--- Records to use ---
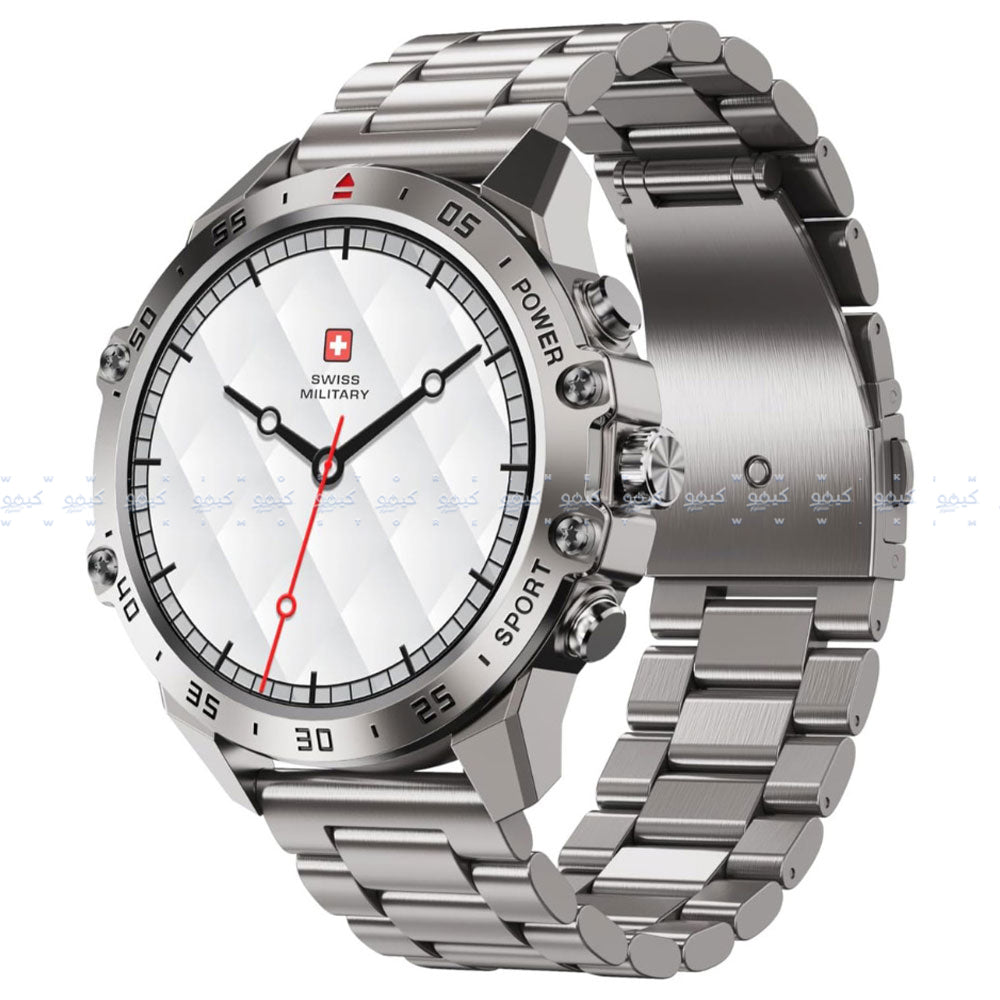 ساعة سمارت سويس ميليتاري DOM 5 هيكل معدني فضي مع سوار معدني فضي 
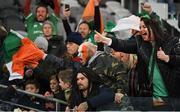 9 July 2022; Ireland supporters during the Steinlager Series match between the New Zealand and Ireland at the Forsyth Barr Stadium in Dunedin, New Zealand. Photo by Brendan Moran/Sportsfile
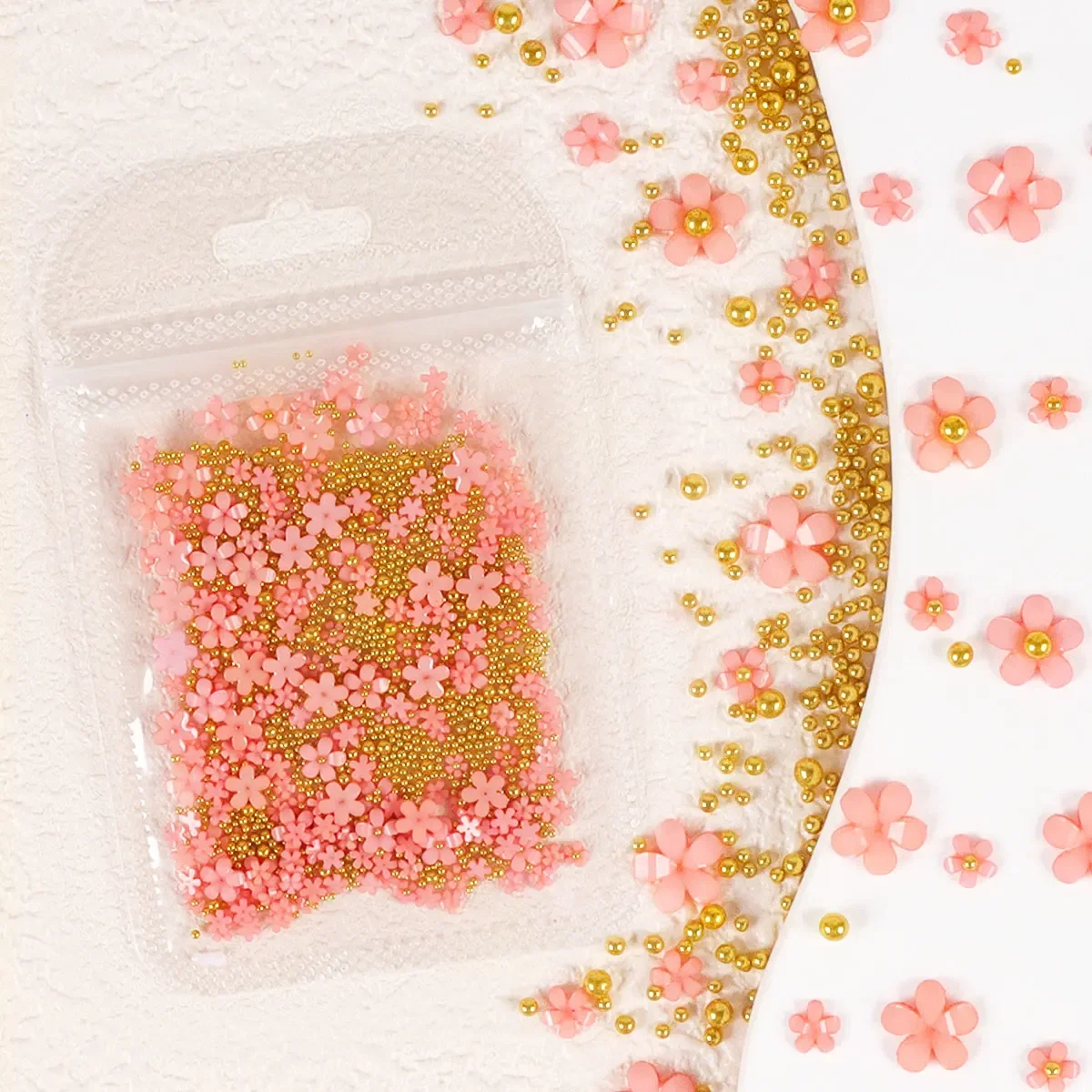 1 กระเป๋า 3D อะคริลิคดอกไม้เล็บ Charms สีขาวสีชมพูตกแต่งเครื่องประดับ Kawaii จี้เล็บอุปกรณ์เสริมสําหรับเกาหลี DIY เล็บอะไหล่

* * *

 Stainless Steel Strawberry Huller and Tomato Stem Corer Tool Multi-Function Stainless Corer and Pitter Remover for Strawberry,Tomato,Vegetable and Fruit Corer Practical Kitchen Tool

--- Problem ---
Working from the entries above, reproduce exactly and only the lines beginning with the line that has "ساعة سمارت سويس" and ending with the line that has "1 กระเป๋า 3D"; omit all pictures.

--- Response to this task ---
 ساعة سمارت سويس ميليتاري DOM 5 هيكل معدني فضي مع سوار معدني فضي 
 9 July 2022; Ireland supporters during the Steinlager Series match between the New Zealand and Ireland at the Forsyth Barr Stadium in Dunedin, New Zealand. Photo by Brendan Moran/Sportsfile
 1 กระเป๋า 3D อะคริลิคดอกไม้เล็บ Charms สีขาวสีชมพูตกแต่งเครื่องประดับ Kawaii จี้เล็บอุปกรณ์เสริมสําหรับเกาหลี DIY เล็บอะไหล่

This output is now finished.